La politique économique européenne est un désastre. Le dogme de l’austérité budgétaire a mis à genoux la Grèce, tandis qu’il a renforcé les inégalités sur le continent, creusant l’écart entre les économies exportatrices, Allemagne en tête, et les pays du Sud européen. Le chantage mené par l’Eurogroupe pendant les six premiers mois du gouvernement Tsipras, en 2015, et l’échec de celui-ci à éviter un nouveau mémorandum d’austérité malgré le « non » massif du peuple grec, ont révélé au grand jour le manque de démocratie dans nos institutions européennes. Quant à l’Europe sociale, dont l’impensé est à l’origine d’une grande partie du « non » de gauche au référendum français de 2005, elle sonne pour beaucoup comme un oxymore.

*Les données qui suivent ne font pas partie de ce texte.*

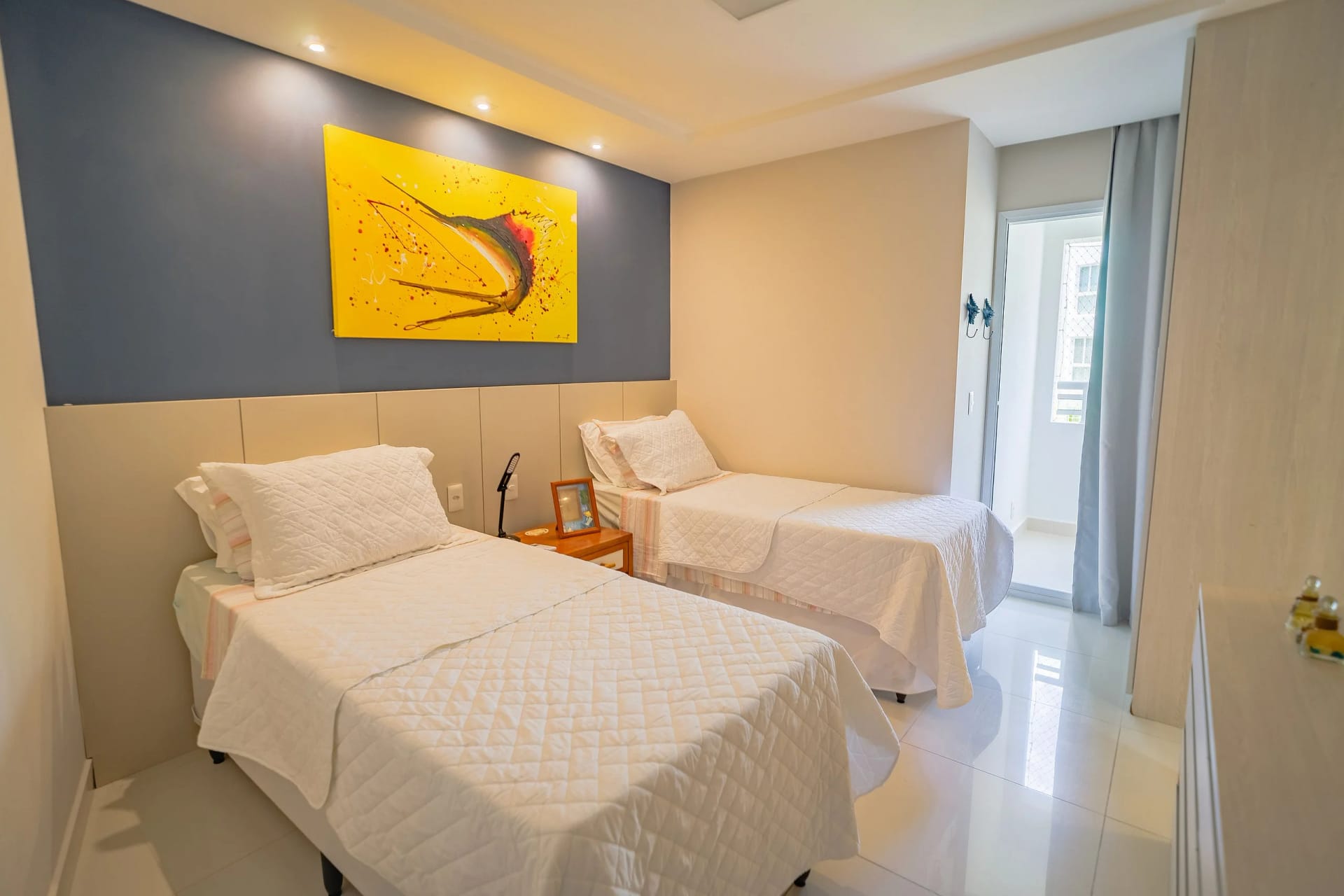 Quarto — In Mare Bali Flat Premium Cartagena by Qavi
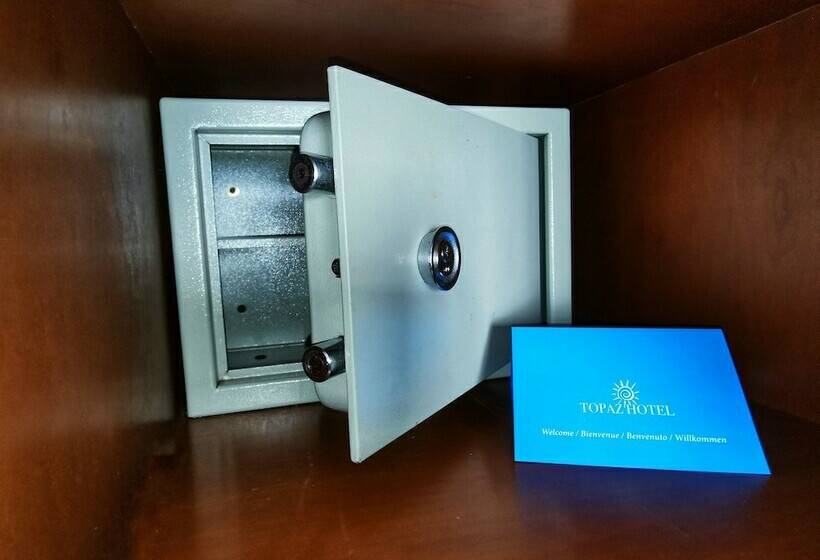 اتاق استاندارد با چشمانداز استخر, Topaz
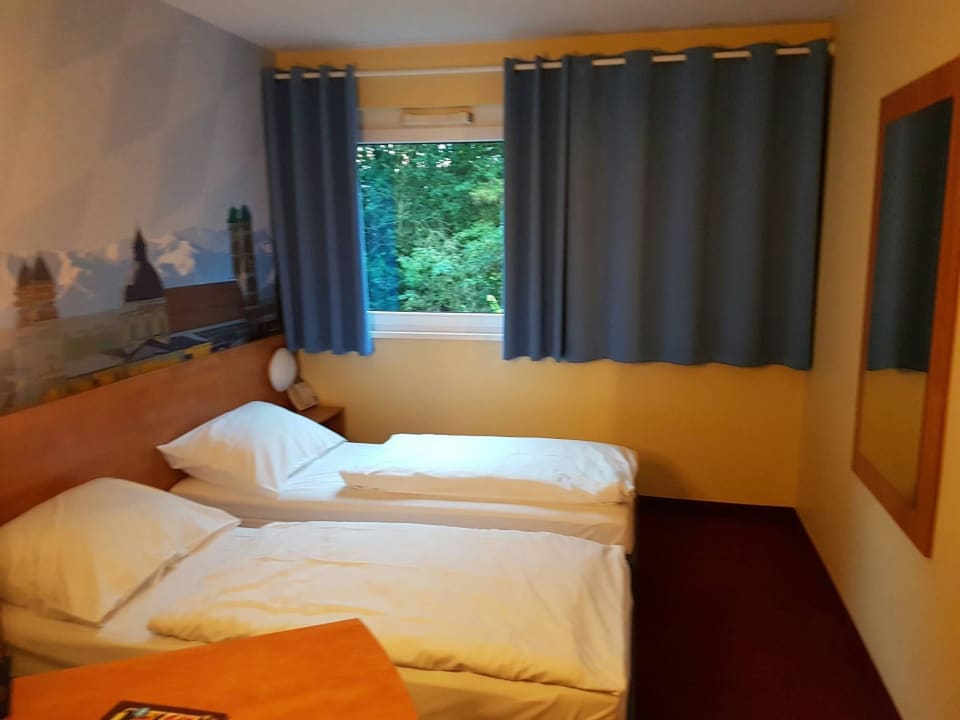 Blick auf Bett B&B Hotel München-Airport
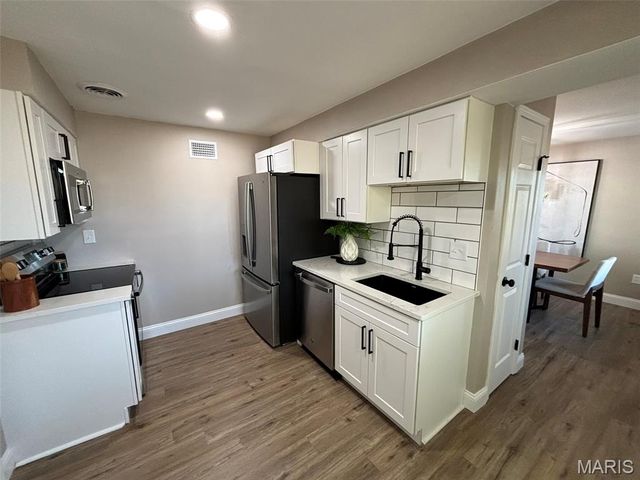 9509 Eucalyptus Drive, Affton, MO 63123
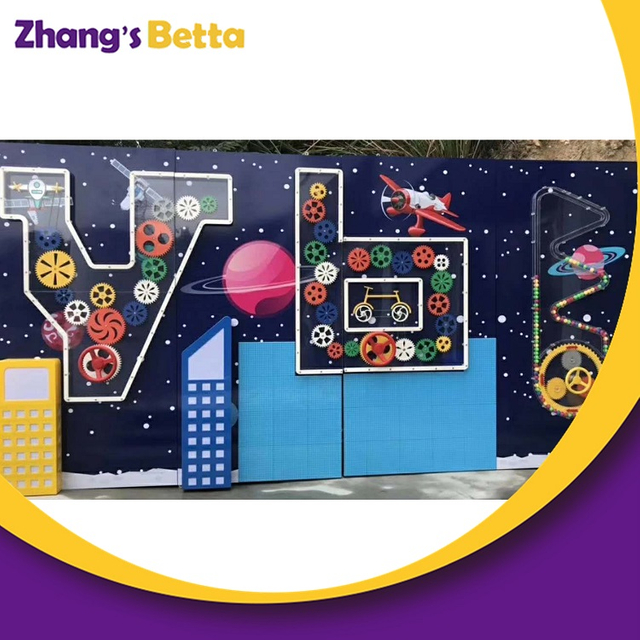Juegos de exhibici&oacute;n interactivos de pared de bolas en el patio interior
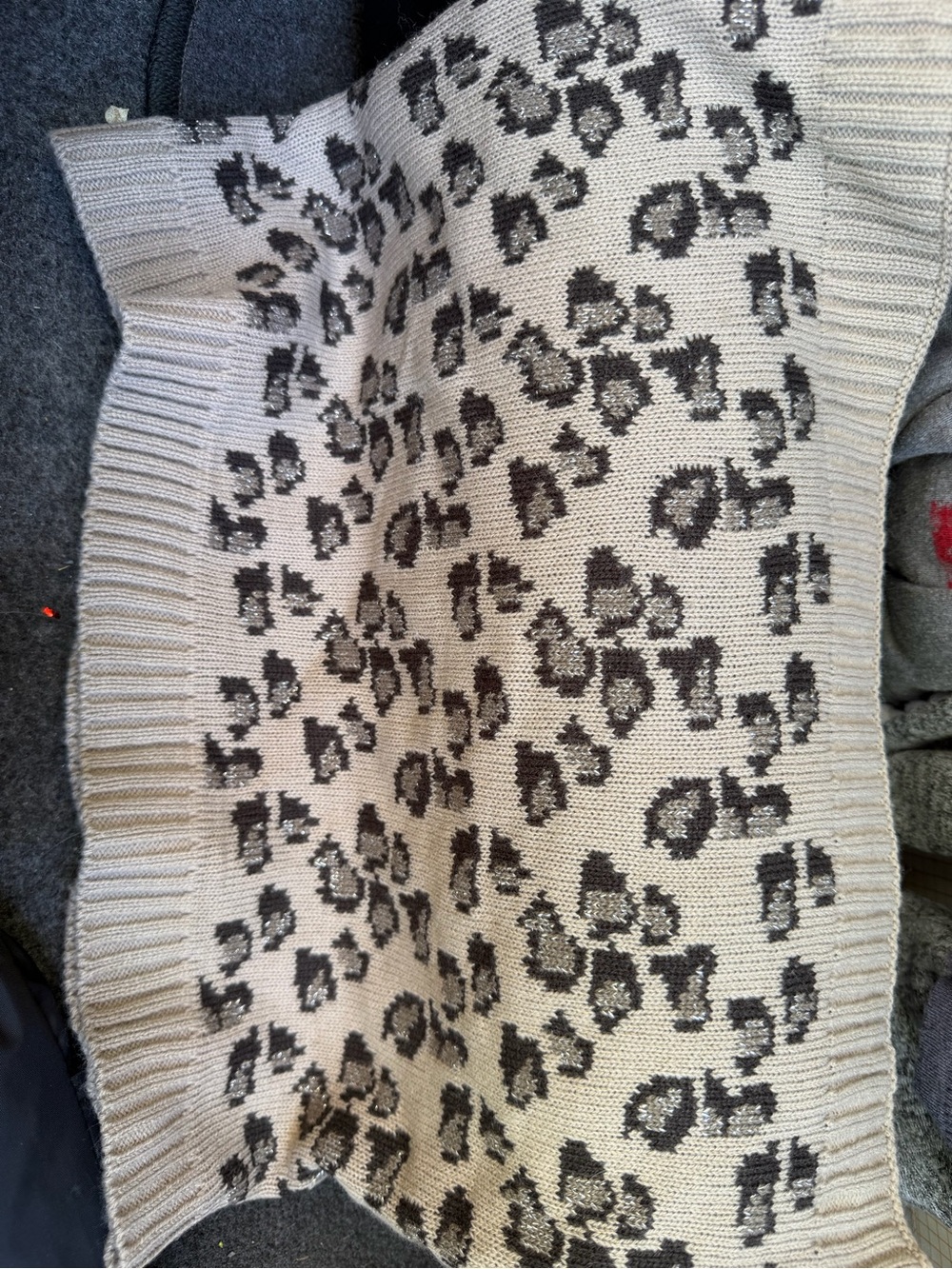 Gray Leopard Print Knit Scarf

Le tableau est sombre, mais il ne signifie pas pour autant que nous sommes complètement impuissants. Si le rôle du Parlement de Strasbourg que nous devons élire dimanche est encore limité, il a déjà plus d’envergure que par le passé. Depuis le traité de Lisbonne entré en vigueur en 2009, ses pouvoirs ont été étendus. Son aval est nécessaire pour adopter les projets de lois initiés par la Commission, et il peut intervenir largement dans l’élaboration des textes. Il est même souvent plus audacieux que l’exécutif européen, comme en témoigne le dossier des frais de communications de téléphonie portable : c’est l’assemblée de Strasbourg qui a poussé à l’abolition des surcoûts tarifaires à l’étranger, alors que la Commission et les États membres traînaient la patte.

Les eurodéputés peuvent aussi retoquer un texte jugé trop mou – c’est arrivé sur le sujet de la protection des lanceurs d’alerte – et infléchir une position de la Commission. On l’a vu au moment du vote, il y a deux mois, de la réglementation sur les émissions de CO2 des véhicules neufs. Le Parlement était partisan d’un seuil de limitation plus ambitieux que la Commission : 40 %, contre 30 %. Un compromis a finalement été trouvé à 37,5 %.

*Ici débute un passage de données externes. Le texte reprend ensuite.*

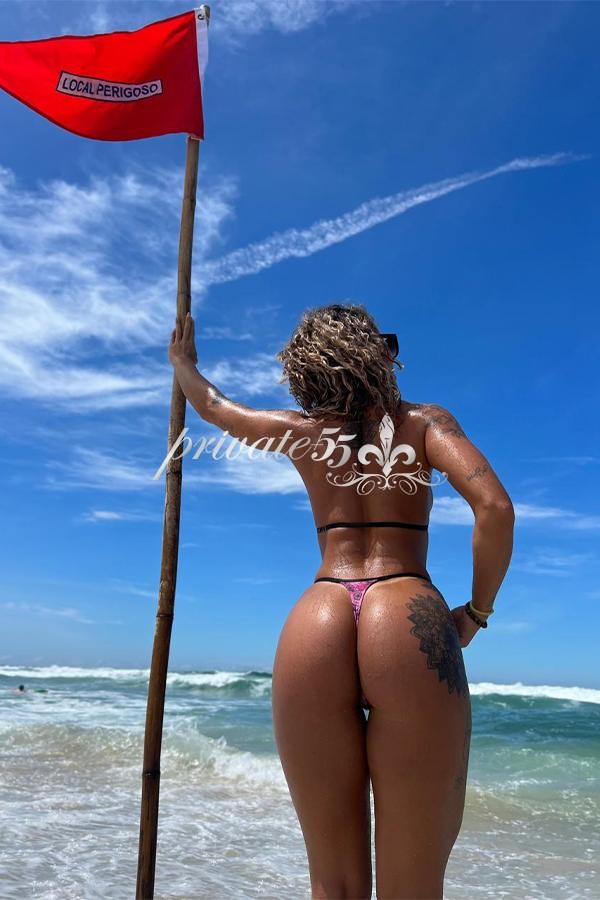 LIARA BREHM - Acompanhantes Florianópolis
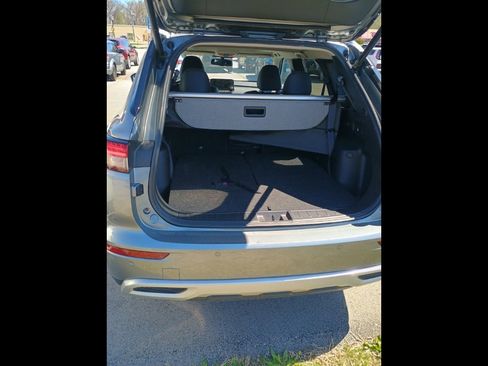 Used 2023 Mitsubishi Outlander SE image 2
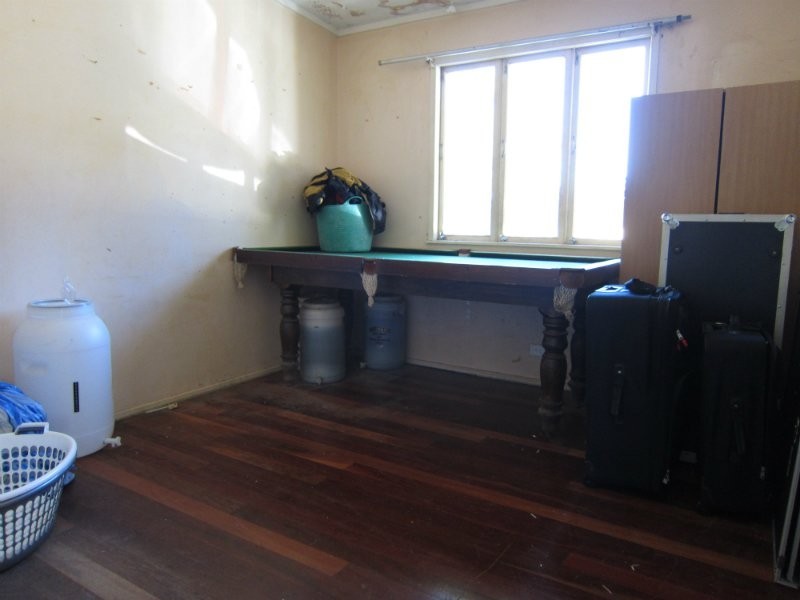 3 Heather Street, Silkstone QLD 4304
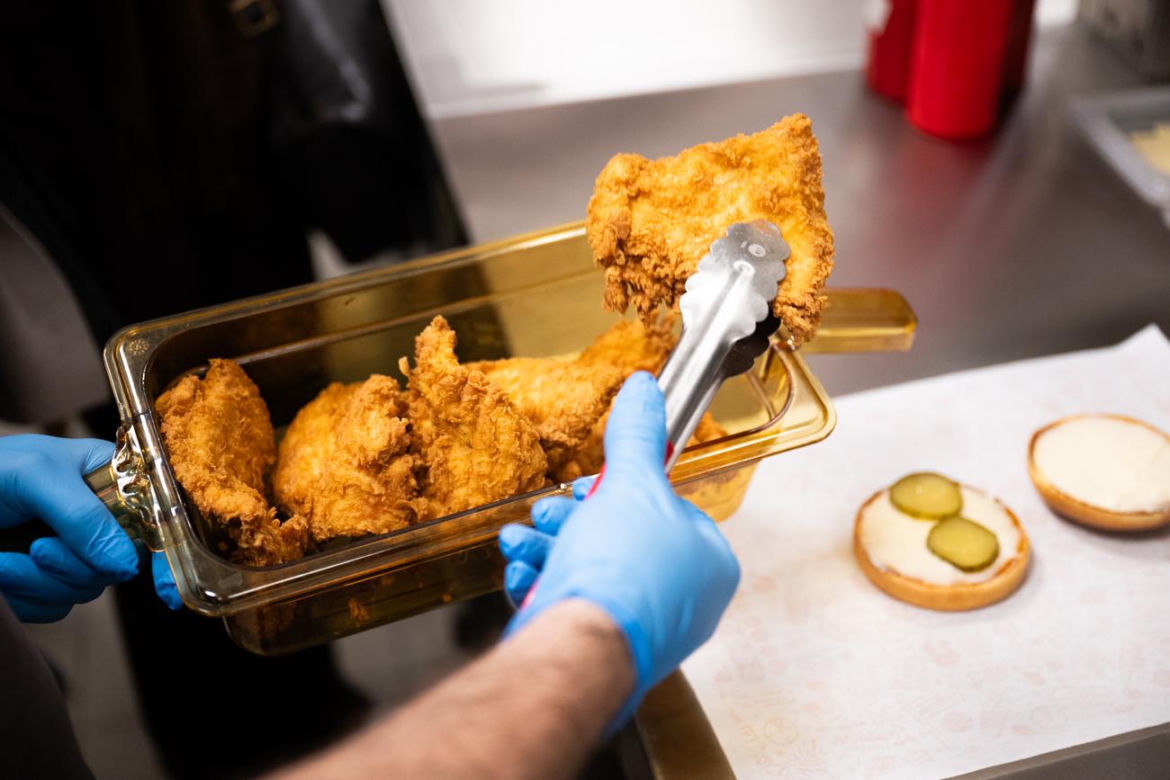 Otwarcie Popeyes w Galerii Katowickiej. Tak restauracja wygląda od środka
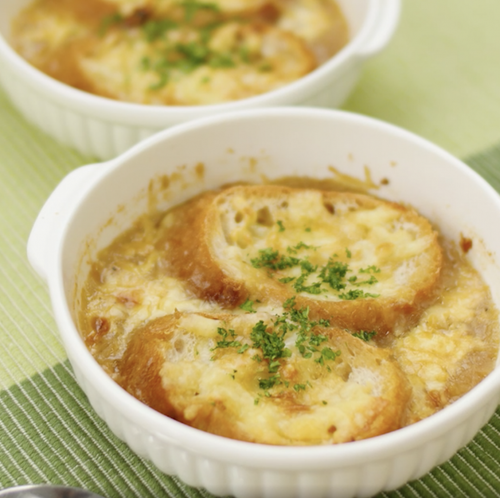 あつあつ本格オニオングラタンスープ Macaroni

Bref, bon an mal an, l’Europe avance, et elle est partout : politique agricole – où l’agro-industrie productiviste n’est pour l’heure pas remise en cause ; réglementation environnementale – où les mesures ne sont pas encore à la hauteur des enjeux ; protection des données – où le Parlement s’est illustré par des avancées avec un texte adopté en avril 2016 qui a permis depuis de nombreux dépôts de plainte.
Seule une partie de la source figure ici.